Imminent danger

Due to an excessive drive for profit and comfort, much of the world is failing to meet most of its commitments to protect the environment

Due to an excessive drive for profit and comfort, much of the world is failing to meet most of its commitments to protect the environment, prevent global warming and curb extreme natural phenomena, the UN recently warned.

Economic activity cannot be guided exclusively by the constant increase in Gross Domestic Product (GDP) at all costs, according to a report prepared by the United Nations Environment Program (UNEP). 

The document states that many countries insist on granting substantial subsidies for the production and consumption of fossil fuels, such as oil, unsustainable agricultural practices and transport with high levels of pollution.

The report also notes that none of the 20 commitments for the protection of biodiversity in the period 2010-2020 were fully met, in addition to the fact that last year the sustainable development goals were negatively affected by the COVID-19 pandemic.  In this complex scenario, inequalities, poverty and hunger have increased.

During the last 50 years, the world's wealth has multiplied almost fivefold, but its distribution is extremely unequal, as shown by the fact that 1.3 billion inhabitants currently live below the poverty line and 700 million lack the basic foodstuffs.

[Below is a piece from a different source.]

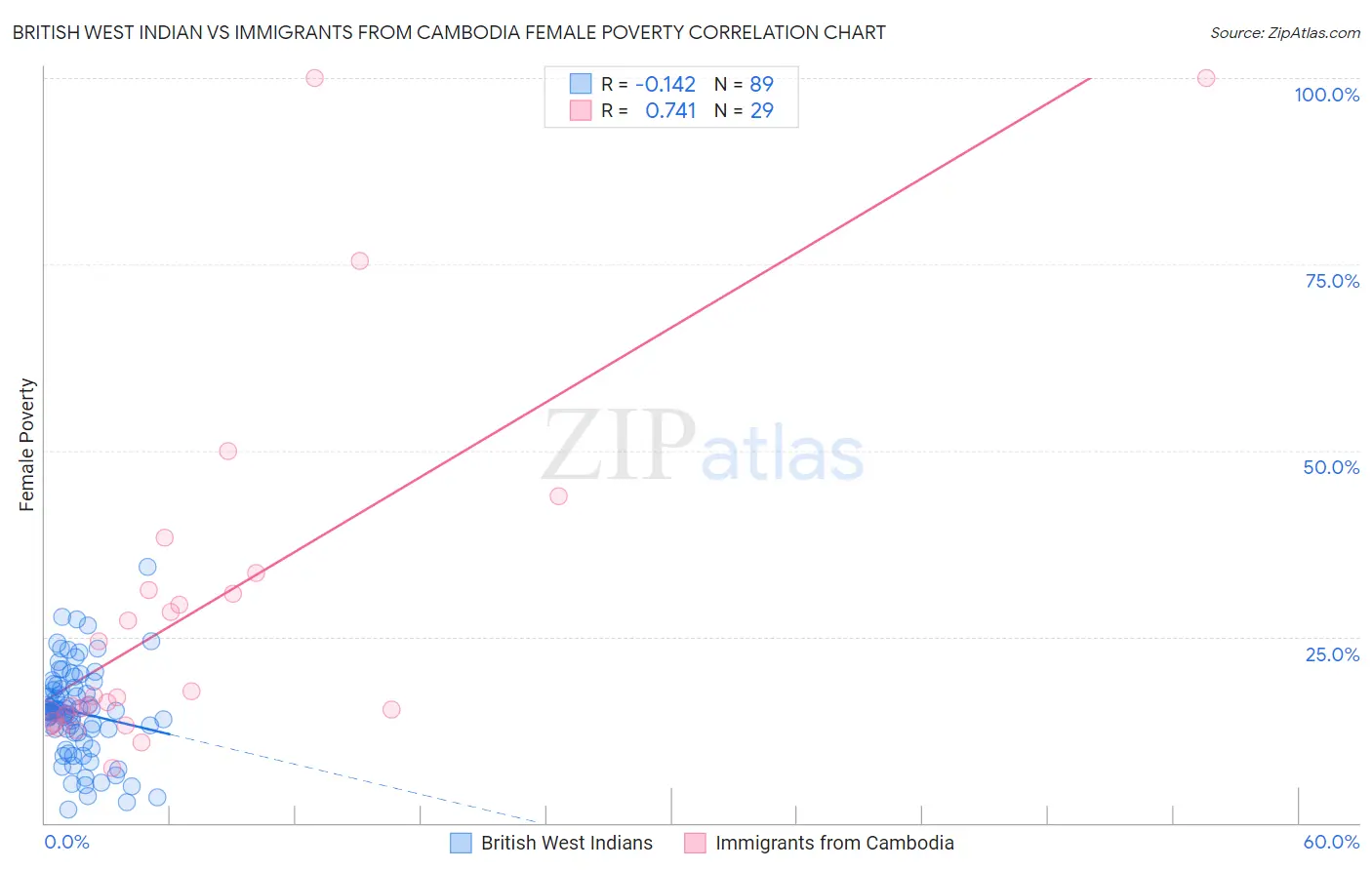 British West Indian vs Immigrants from Cambodia Female Poverty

Due to this irrational system of production and consumption, a triple threat to humanity is growing, generated by climate change, pollution and the loss of biodiversity, said UN Secretary General Antonio Guterres.

We are heading towards a temperature increase of at least three degrees Celsius over the pre-industrial era; more than one million animal and plant species could become extinct; and diseases emerging from pollution cause some nine million premature deaths each year, according the report.

Guterres claimed that due to the actions of many industrialized countries, which are more concerned with exploiting nature than protecting it, the world may be close to the point of no return.

The year 2021 should be celebrating the climate summit in Glasgow, United Kingdom, postponed last year due to the pandemic.  And an action plan is expected to be established, with concrete goals and not just speeches, to reconcile ourselves with the planet and, perhaps even save lives.